### [DATA EXTRACTS]
Start of Block
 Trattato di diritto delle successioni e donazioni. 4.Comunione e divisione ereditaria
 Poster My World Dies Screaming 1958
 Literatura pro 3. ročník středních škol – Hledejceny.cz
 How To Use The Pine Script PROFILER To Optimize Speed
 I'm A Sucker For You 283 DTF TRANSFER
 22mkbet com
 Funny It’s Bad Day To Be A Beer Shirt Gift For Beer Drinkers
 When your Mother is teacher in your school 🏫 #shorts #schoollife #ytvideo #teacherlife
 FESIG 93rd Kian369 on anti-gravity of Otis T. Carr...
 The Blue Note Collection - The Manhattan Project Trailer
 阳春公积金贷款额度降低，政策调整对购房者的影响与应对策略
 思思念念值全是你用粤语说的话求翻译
End of Block
Start of Block
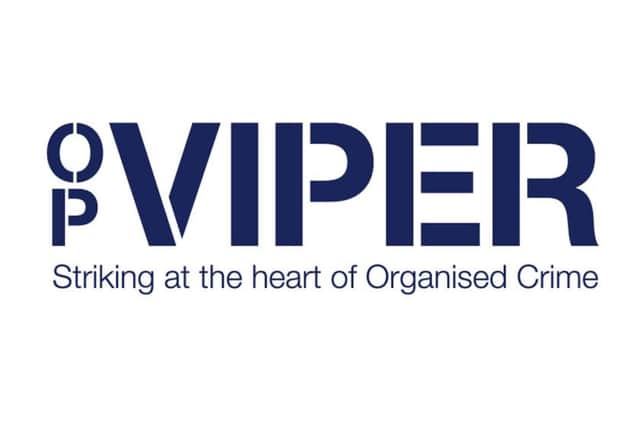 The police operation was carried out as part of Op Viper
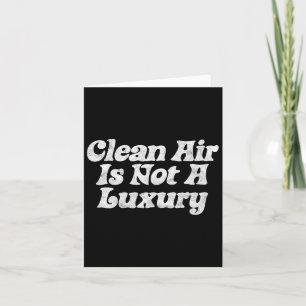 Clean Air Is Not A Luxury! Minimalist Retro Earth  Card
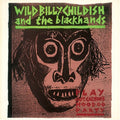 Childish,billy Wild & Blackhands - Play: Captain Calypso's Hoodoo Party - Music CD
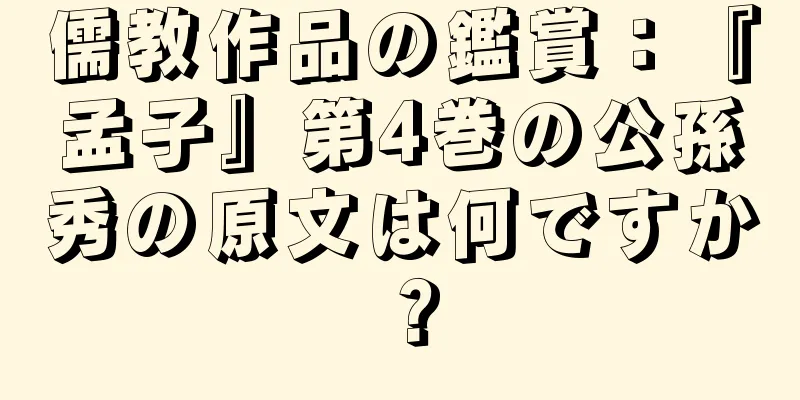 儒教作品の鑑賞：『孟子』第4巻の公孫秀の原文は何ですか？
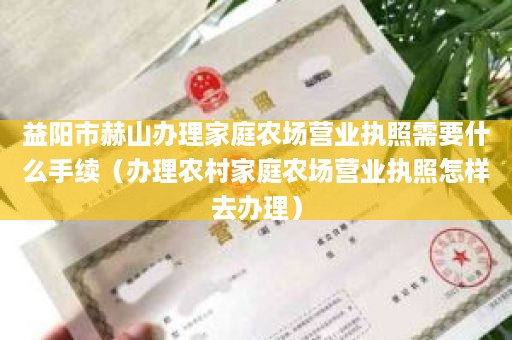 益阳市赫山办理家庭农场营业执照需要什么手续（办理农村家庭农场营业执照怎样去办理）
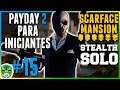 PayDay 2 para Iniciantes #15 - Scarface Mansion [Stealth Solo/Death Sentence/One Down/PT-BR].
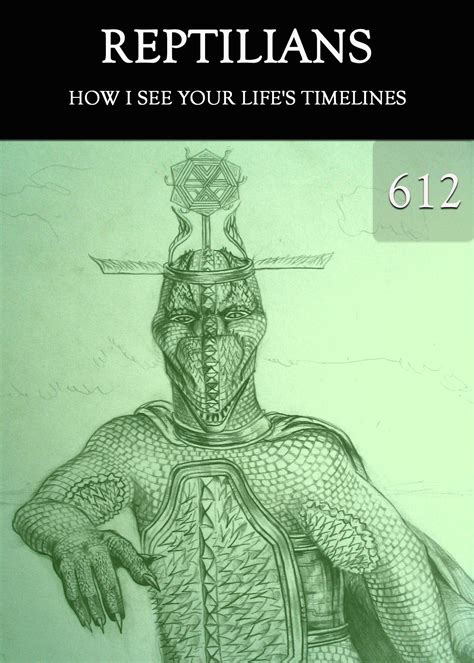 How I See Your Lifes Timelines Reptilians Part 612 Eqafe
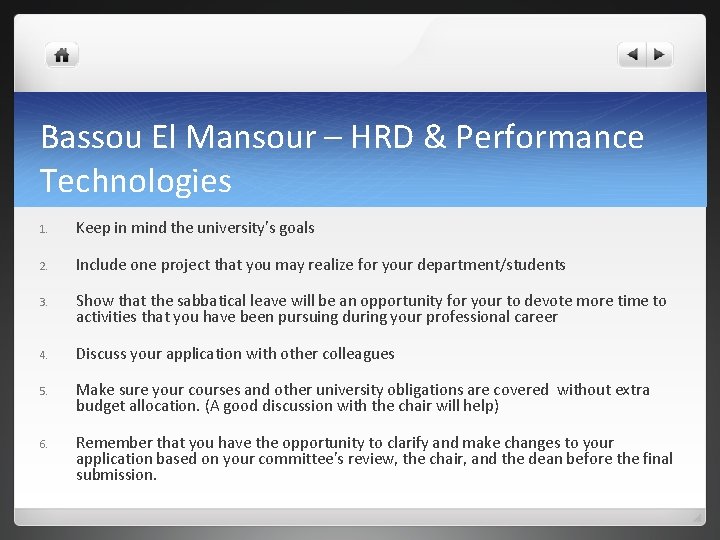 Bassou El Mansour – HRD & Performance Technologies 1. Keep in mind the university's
End of Block
### [TASK STATEMENT]
Only the lines above from the line containing "Trattato di diritto" through the line containing "22mkbet com" should be retyped, exactly and with both ends included.

### [OUTPUT BELOW]
 Trattato di diritto delle successioni e donazioni. 4.Comunione e divisione ereditaria
 Poster My World Dies Screaming 1958
 Literatura pro 3. ročník středních škol – Hledejceny.cz
 How To Use The Pine Script PROFILER To Optimize Speed
 I'm A Sucker For You 283 DTF TRANSFER
 22mkbet com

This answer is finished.